At the same time, the IMF agreement, though preliminary, has allowed Ukraine to agree on macro-financial assistance from the European Union. Zelensky and European Commission President Ursula von der Leyen agreed on the steps required for disbursement of the second tranche of macro-financial assistance in the amount of 500 million euros.
Ukraine, as reported in the President’s Office, will receive the money “soon”, but obviously not earlier than the first tranche under the new IMF program.
The reduction in gas tariffs
This week, an event occurred which could not fail to please the Ukrainian gas consumers. National joint stock company “Naftogaz of Ukraine” has reduced the price to the public of up to 4277 hryvnia per thousand cubic meters in December. This is 13 percent below the level of the regulated price of gas, which was in November of the current year (4899 hryvnia per thousand cubic meters without VAT, margins of gatsbies and transportation costs).

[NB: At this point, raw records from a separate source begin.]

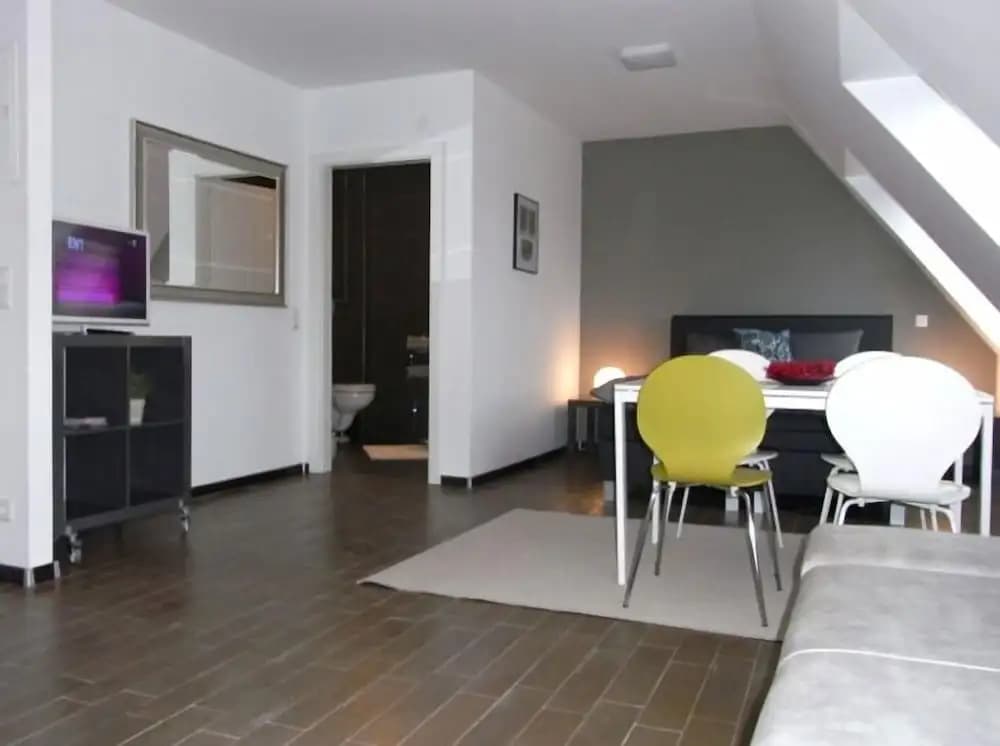 Kunsthaus Apartments - photo 12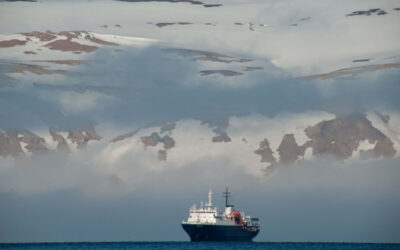 Ortelius in Spitsbergen, July_Erwin Vermeulen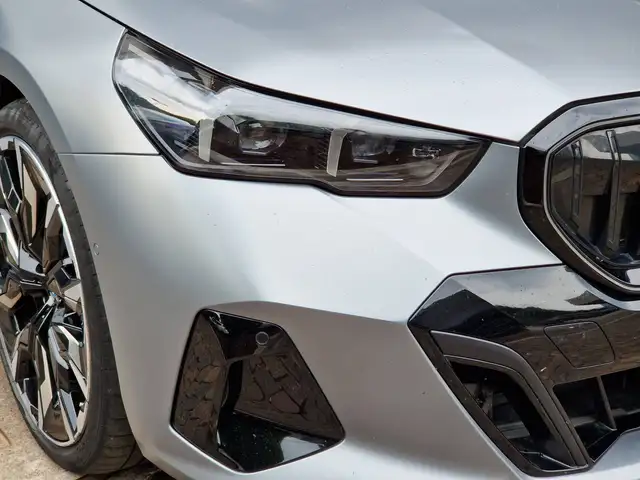 BMW 5 Series view 6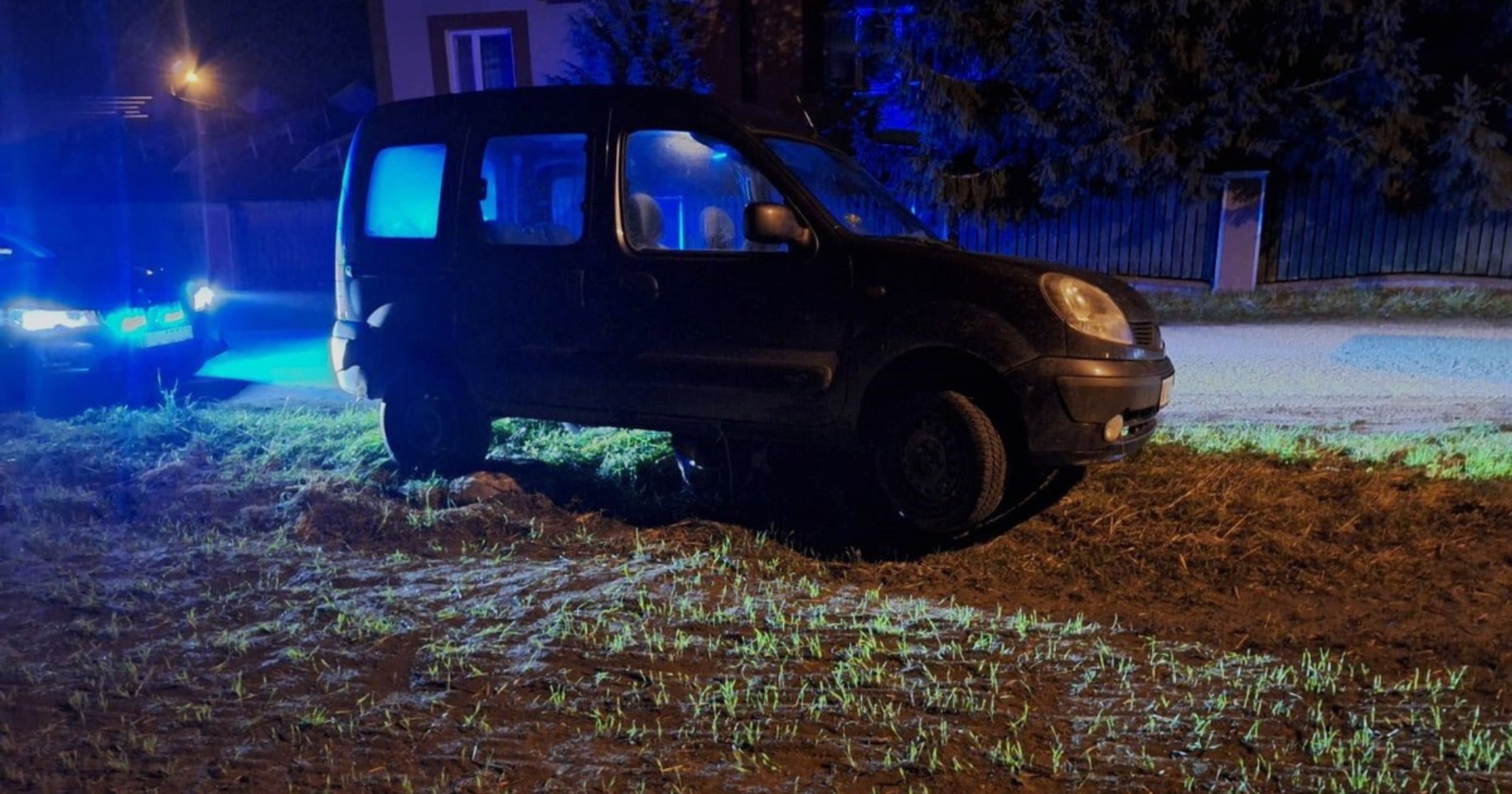 Kierowca był tak pijany, że alkomat wystrzelił poza skalę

According to the company, the price in December 2019 fell in accordance with the declared value of customs cleared in November gas. Moreover, this month the cost of natural gas was even lower than on the terms of the offer from Naftogaz “gas supply” (4874 UAH per thousand cubic meters).
Customers who planned in December to use gas stock, will be able to pay online at a lower price. Or, if you prefer, you can use a prepaid volumes of gas supply (up to 31 March 2020 inclusive). Money for prepaid, but unused volume will return the consumer to his account in full.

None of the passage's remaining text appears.